図-1中のピンクの棒グラフは,床面ATP測定値(任意の3ヶ所の平均値)です.清掃前の床面ATP測定値は1,500RLU程度と,この時点でも極めて綺麗(衛生的)な状態(*1)でしたが,一度Whizで清掃をしてみると700RLUまで数値が下がりました(1day).ショールームは展示室としての役割がメインですが,ごく少人数用の打合せスペースも併設しています.清掃期間中の展示閲覧利用はありませんでしたが,弊所内の人間による打合せや展示物の調整,昼食時の休憩等少人数ではあるものの人の出入りがありました.そのため人の動きに付随して多少の増減はあるものの,連日清掃を続けた結果,平均して約500RLU程度の床面ATP測定値となり,1,000RLU程度の減少傾向となったことが確認できました.

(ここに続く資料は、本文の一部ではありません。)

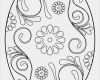Ostereier Vorlagen Zum Ausdrucken Wunderbar 5 Bastelvorlagen Ostereier
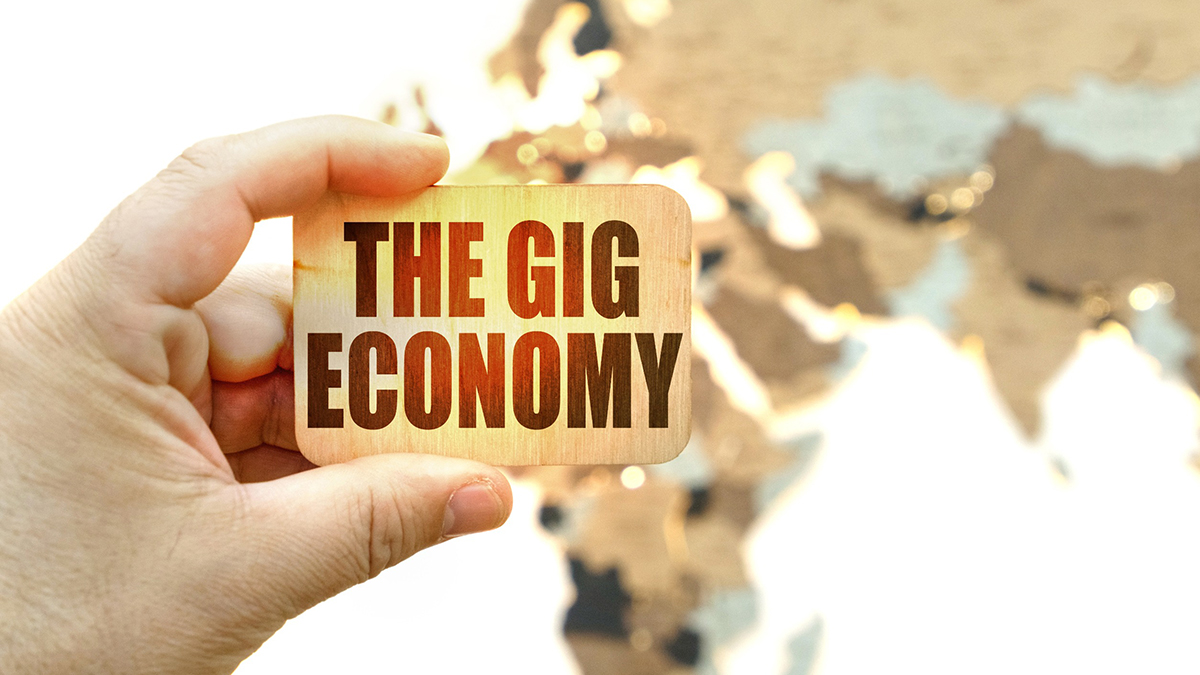 sa-s-gig-economy-sees-worsening-working-conditions-itweb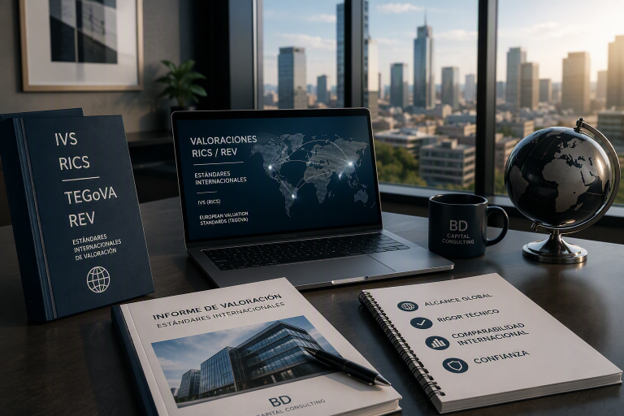 servicio-RICS-REV Activos especiales BD Capital Consulting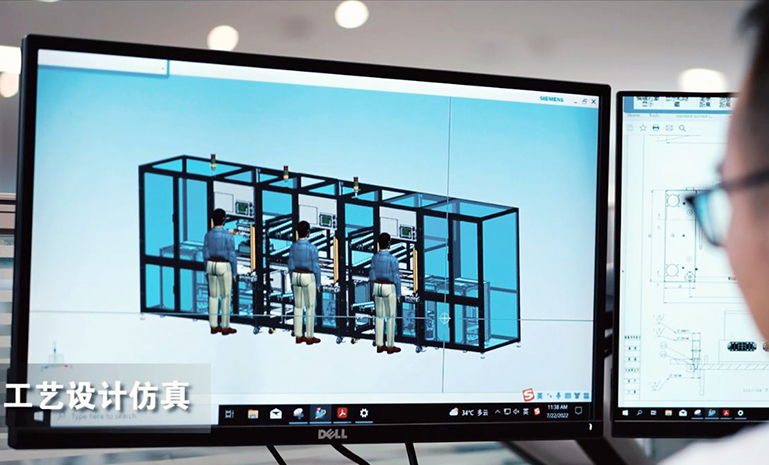 1662012339655589D211.jpg δÀ´¹¤³§9 ¹ÙÍøÊ¹ÓÃ.jpg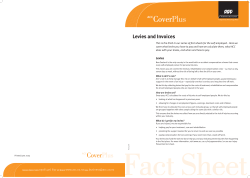 ACC1776 ACC CoverPlus Fact Sheet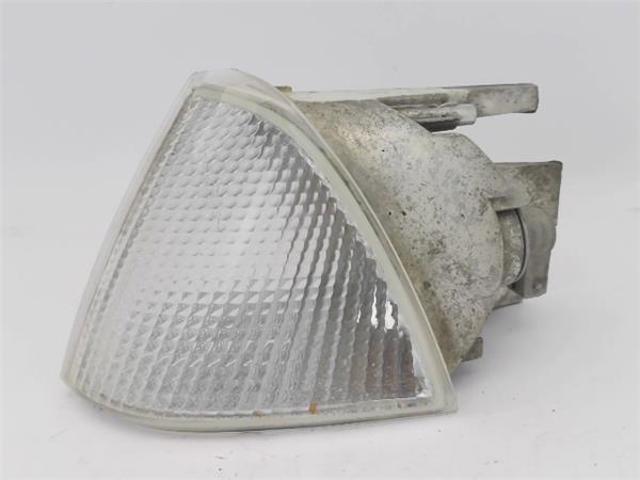 630356 Peugeot/Citroen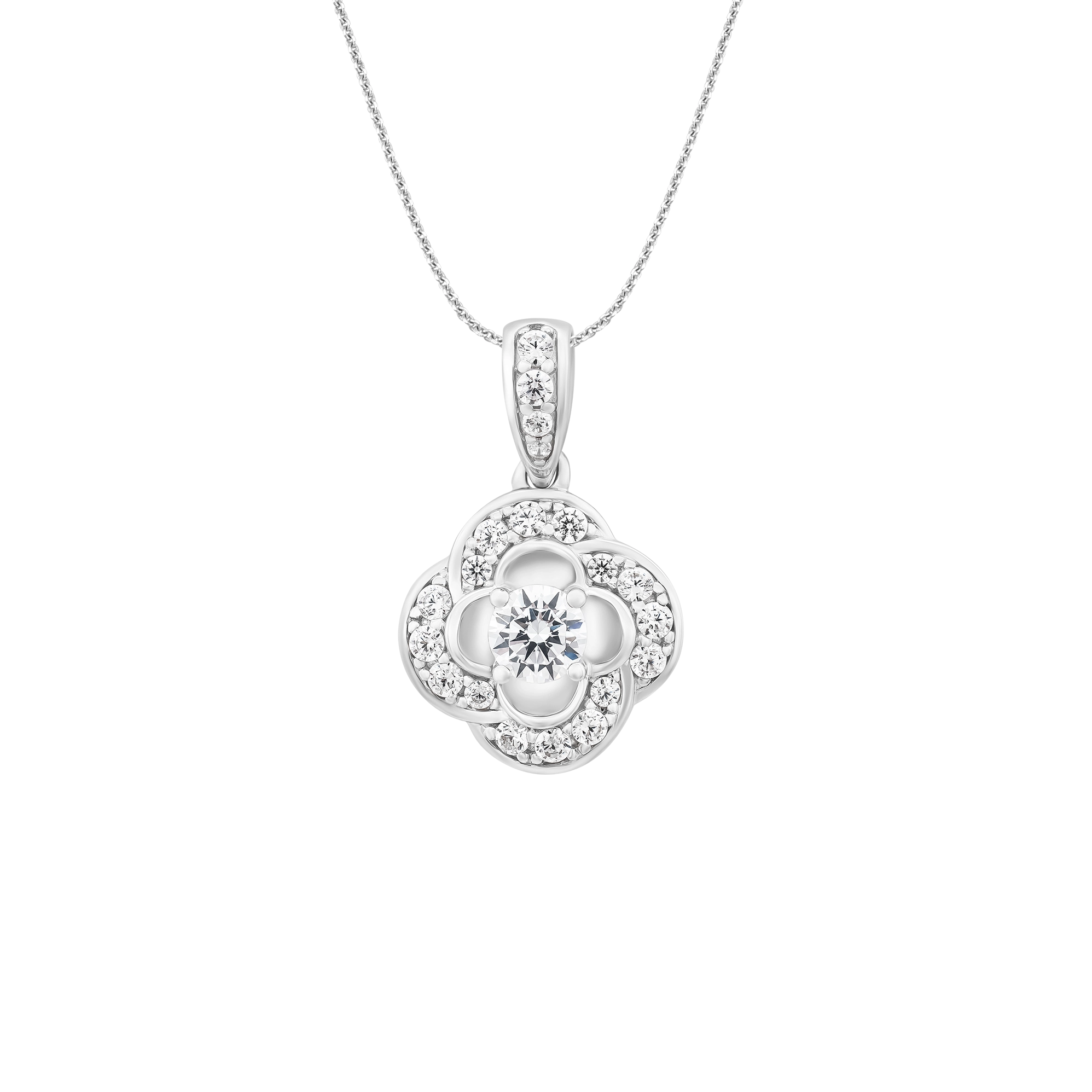 Chi tiết về giá vàng hôm nay tăng hay giảm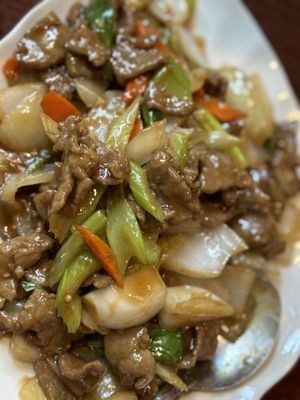 Good Taste Noodle House by null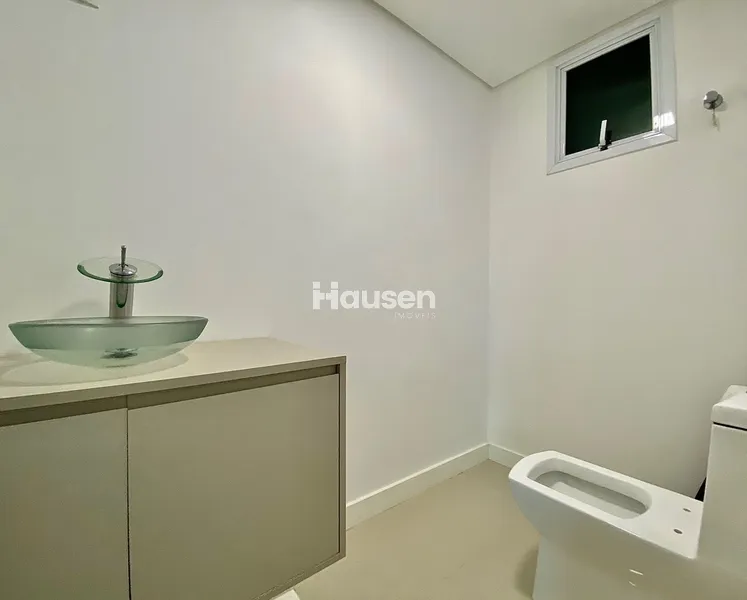 Apartamento com 3 Dormitórios no Centro: 8ª foto da galeria de imagens do imóvel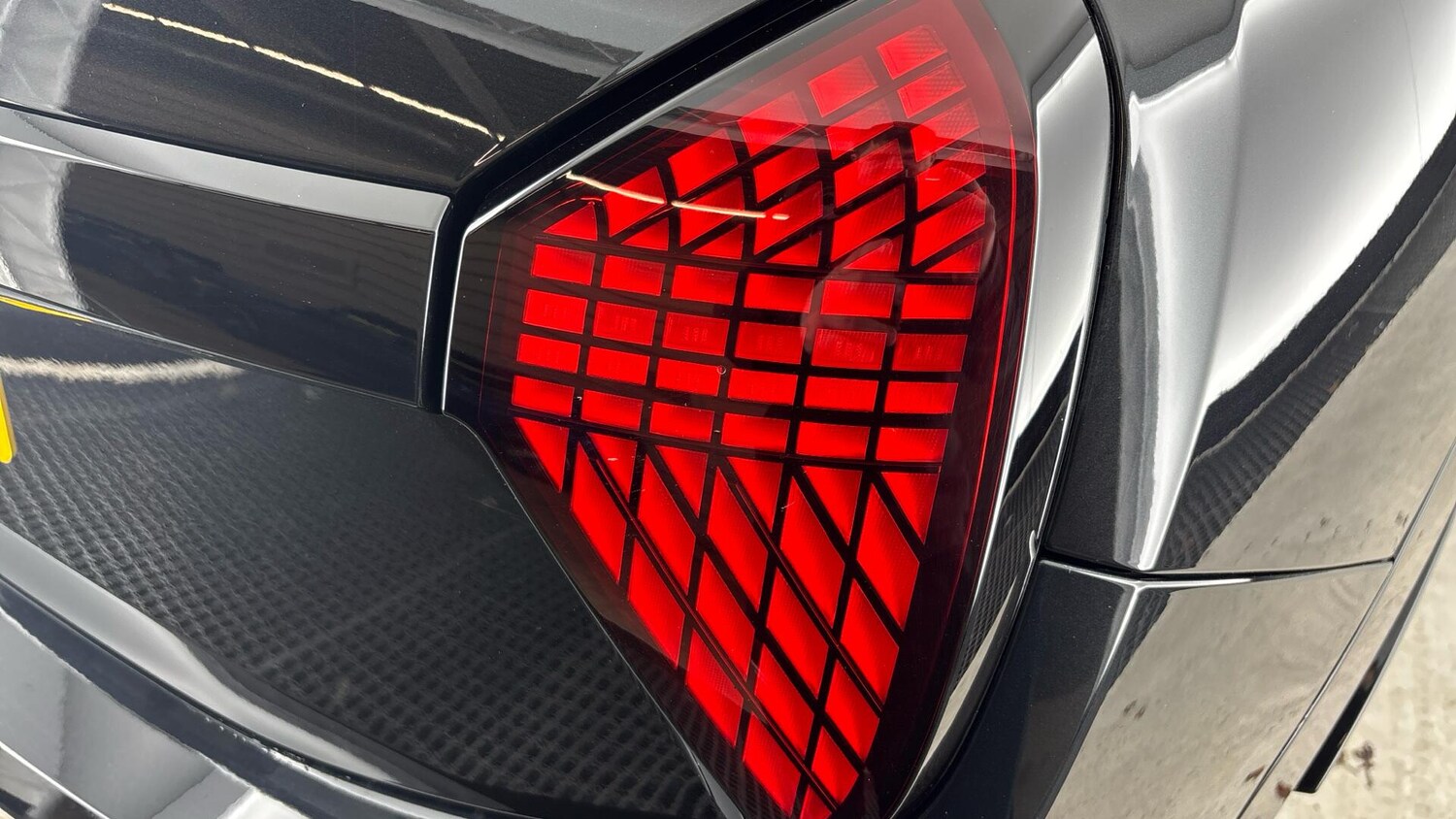 Used MINI Hatch for sale - 77015532: Photo 22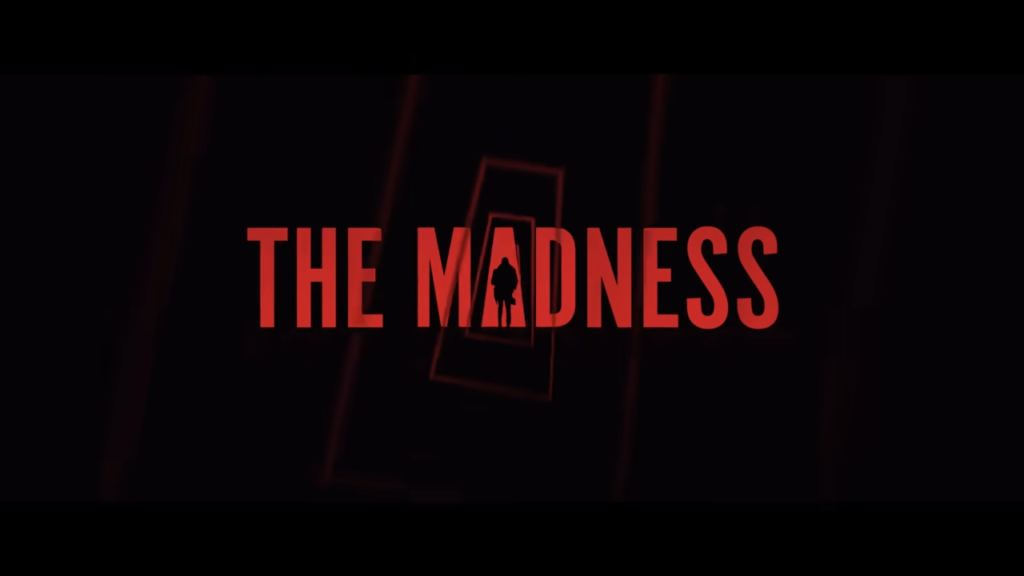 Image credit: @Netflix via YouTube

室内浮遊菌量(青緑色の折れ線グラフ)に関しても,Whizによる清掃開始前は約18,000個/㎥(こちらも比較的綺麗な室内空間(*2))でしたが,清掃を続けることにより徐々に減少し約14,000個/㎥の浮遊菌量の低下につながりました.

通常清掃

続いて,通常の“人が掃除機を使用することによる清掃”のモニタリング結果です.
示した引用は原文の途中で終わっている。